This article is a guest post from Junaid Butt. Junaid is a research engineer at IBM Research where he builds and deploys machine learning models to learn interesting things about data. He has a background in product-oriented data science focused on startups. Junaid has a passion for helping non-data people learn more about their data to drive better decisions. You can read more of his writing on his personal blog, The Science of Data.

In this article, you'll learn some of the questions data owners (product managers and c-suite leaders, alike) should ask themselves about their data before submitting discovery requests to their data team (and how to answer them). These include:

  • What do I want from my data?
  • Does my data report the right things?
  • Are there obvious sources of bias in my data?
  • Can I enrich my data with outside sources?
  • What seems like it could be related?

Like all data scientists, I’m often approached by product managers and C-level staff who have a data set they’d like analyzed for business intelligence. As we talk about their project, inevitably a familiar question from the data owner comes up: “We have all this business data, can you do something with this”?

While the answer is (generally) yes, I’ve realized that many data stakeholders and business users don’t realize what it is they’re asking for: Data discovery.

Unfortunately, if the data owner doesn’t know what they want out of their data, data scientists like myself can only be so effective in our data discovery work (no matter how good our data discovery tools may be). This isn’t a criticism (trust me, we love our business counterparts), but instead, an opportunity to close an all-too-common information gap.

This gap doesn’t just cost time and internal budget as your data scientists spend unnecessary time honing in on the purpose of the dataset but can cost even you more 💰 if your company has to bring in an external consultant as well.

By now, you may be asking yourself how you can be a better-informed owner of your data so you can get the most of your data scientists when you go to them with a request (thank you, in advance, from all of us fulfilling these asks).

Don’t worry - it doesn’t involve getting super technical. There are a set of certain basic facts and features you can learn about your data to help your data team out (which means more money saved and a faster turnaround time on your data requests).

In this post, I’ll outline a few key questions non-technical data owners can ask themselves before putting their request into the data team to make their collaboration more productive. If you work through these questions before submitting future requests for data discovery, you’ll better use your data analytics and data preparation resources so you spend less time going back and forth with data teams and more time making informed business decisions to positively impact your business.

Without further ado, here are five questions to ask yourself before submitting that ask to your data team.

1. What do I want from data discovery?

The question of “what do I want” may seem like an obvious one, but it’s easy to skip over on the way to your request.

Before you come to your data team with a dataset or data source for analysis, ask yourself: “What does a successful analysis outcome look like?” True, you may not know exactly what specific expectations you have of your data (that’s part of the reason for data discovery, after all), but if you can give some generalized ballpark details it’ll help your data scientist narrow in on a better outcome.

This first step helps you to identify what your data is about (e.g. do you have transactional data or profile data).
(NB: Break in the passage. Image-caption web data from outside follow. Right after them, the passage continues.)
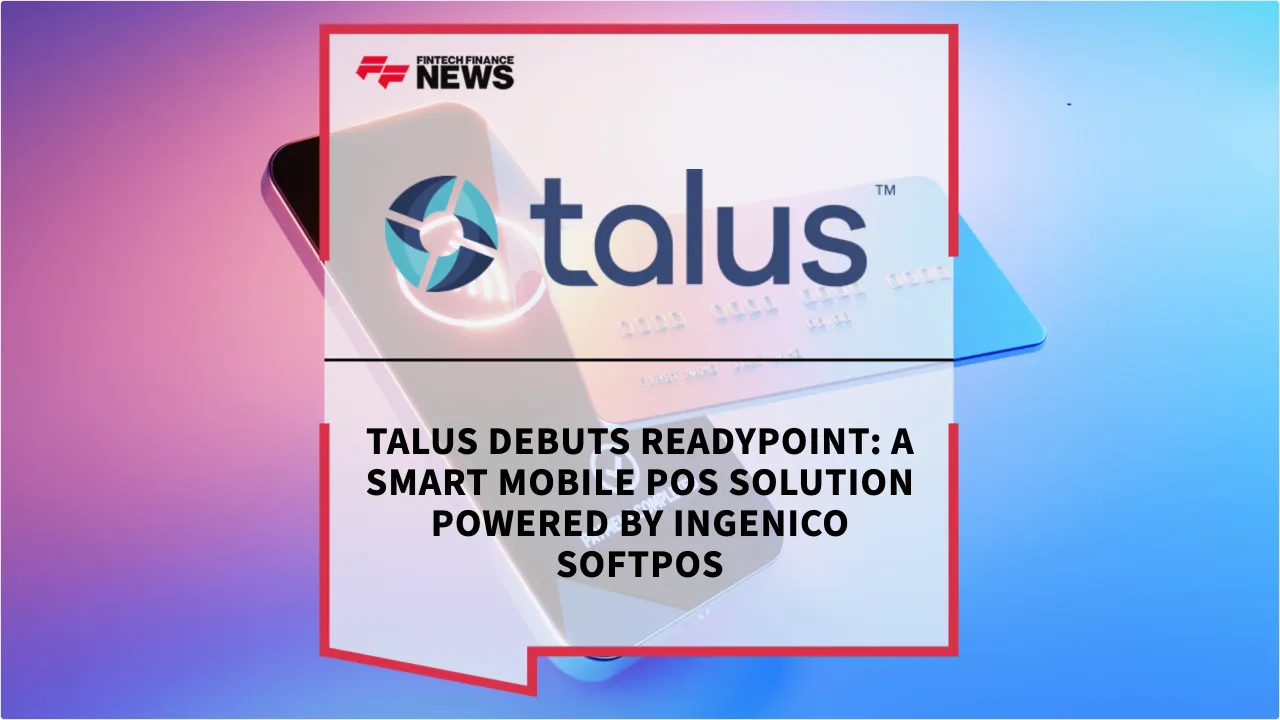 Press Release: Talus Debuts ReadyPoint: A Smart Mobile POS Solution Powered by Ingenico SoftPOS | Featured Image by FF News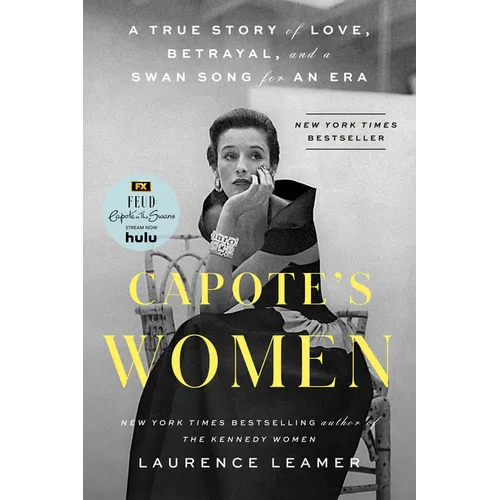 Capote's Women: A True Story of Love, Betrayal, and a Swan Song for an Era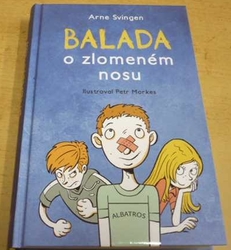 Arne Svingen - Balada o zlomeném nosu (2014)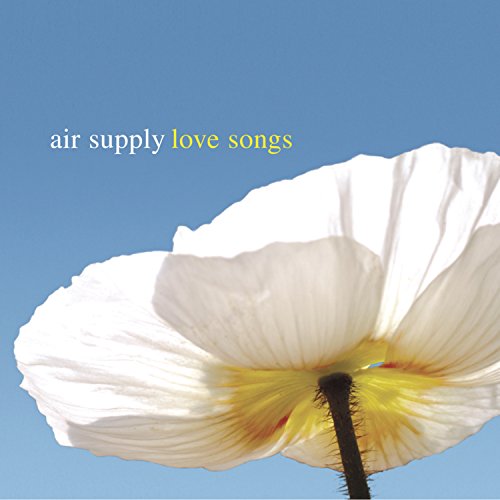 AIR SUPPLY - LOVE SONGS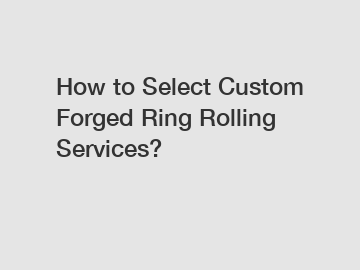 How to Select Custom Forged Ring Rolling Services?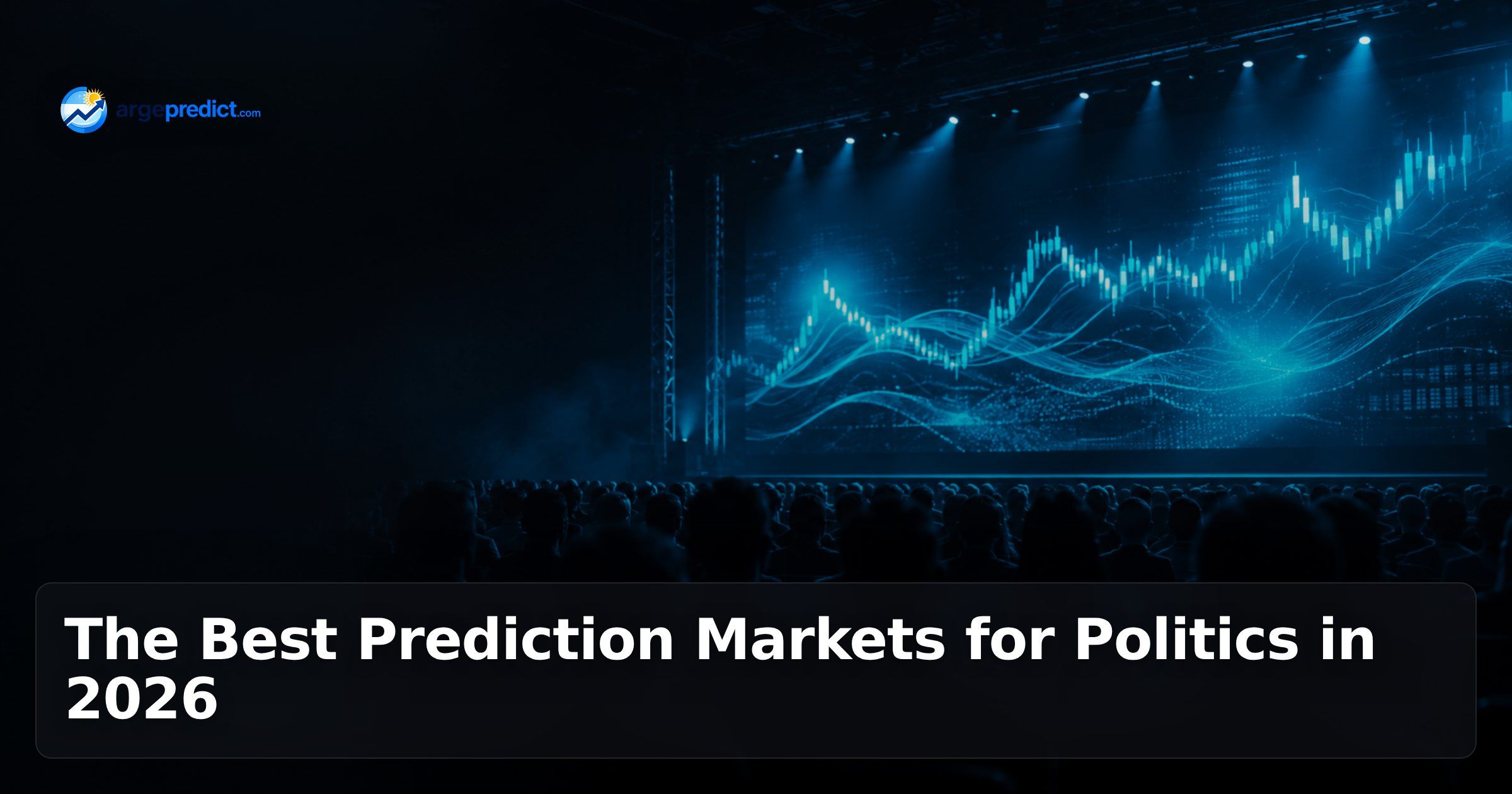The Best Prediction Markets for Politics in 2026
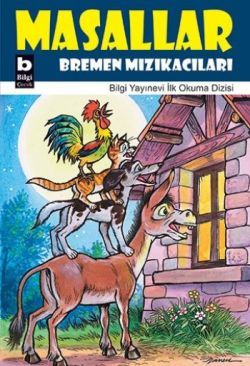 Bremen Mızıkacıları - Bilgi Yayınevi Çocuk Kitap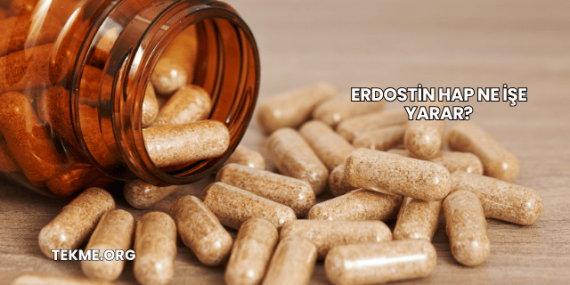 Erdostin Hap Ne İşe Yarar?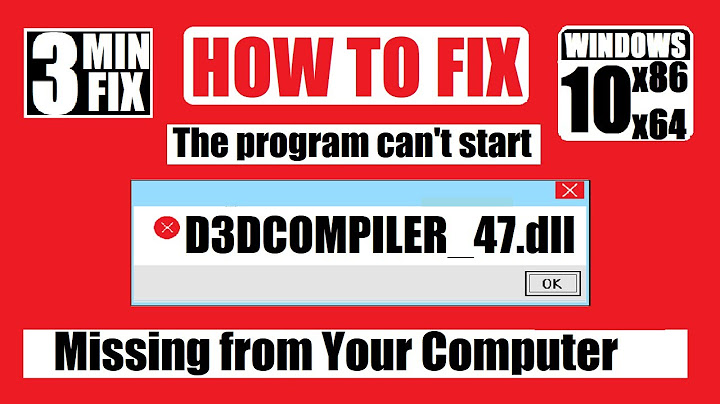 Lỗi fatal error unhandled delayload d3dcompiler_47.dll module not found năm 2024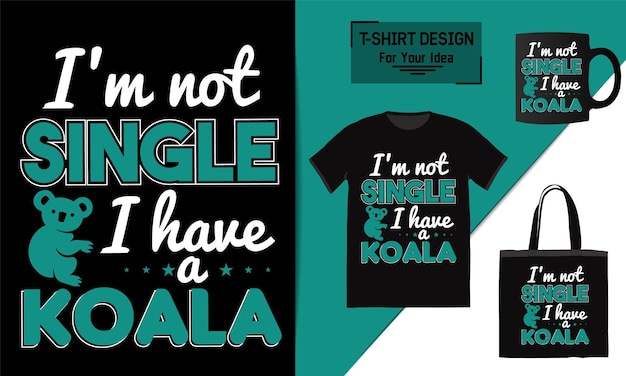 I'm not single i have a Koala t shirt design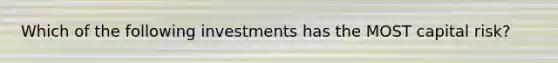 Which of the following investments has the MOST capital risk?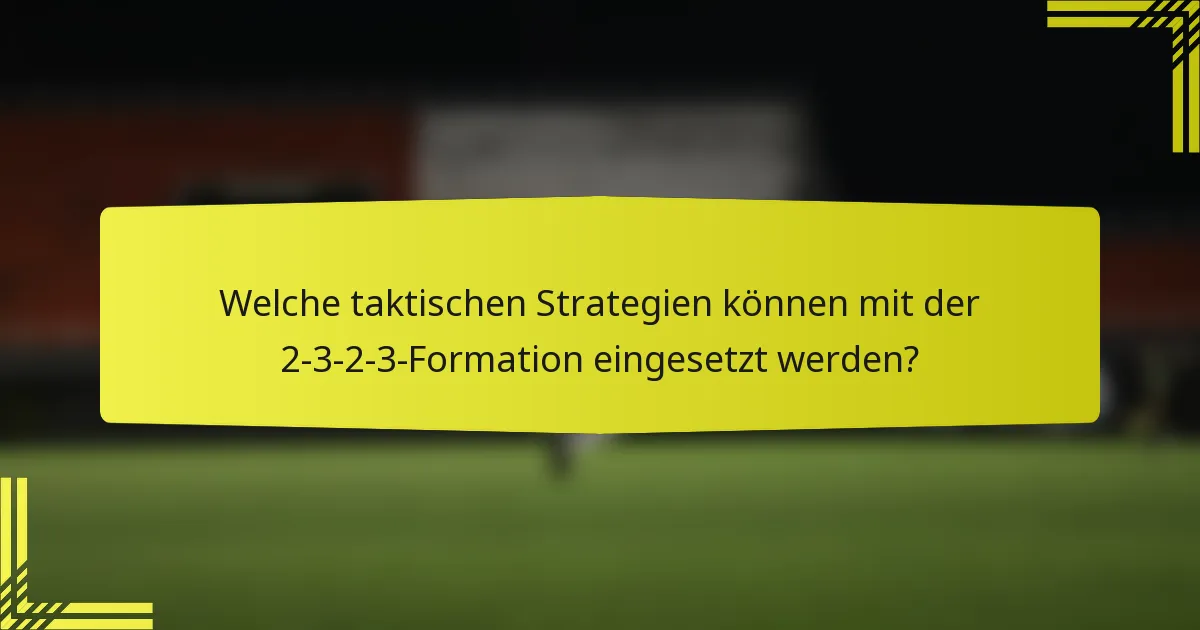 Welche taktischen Strategien können mit der 2-3-2-3-Formation eingesetzt werden?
Here are some starter questions:

  • Is your data indexed by time?
  • If so, is it daily, weekly or monthly?
  • Are there any notable gaps in your data?

These are all helpful basic questions to understand as you formulate your discovery ask, and the answers to them will help inform the objectives of your data so you can easily set up the discovery task for your data team.

Let’s take a look at an example, let’s say you work for a supermarket and you have refunds and returns data for the past six months for a particular store. Your dataset has information about the products customers have returned, at which time of day, what their monetary value was, what product category they fall into (🔋, 👚, 🥫), and the brand of the returned product.

Before you hand this data over to your analytics team for deeper data analysis, you can identify some of the key learnings you’re interested in about your product line. Here are some sample questions you might consider:

  • Would you like to know returns as a proportion of sales broken down by month?
  • Are some product lines returned more frequently than others (electronics vs clothing)?
  • Are there some brands that customers return more often than others?
  • What are the most common reasons for returning goods?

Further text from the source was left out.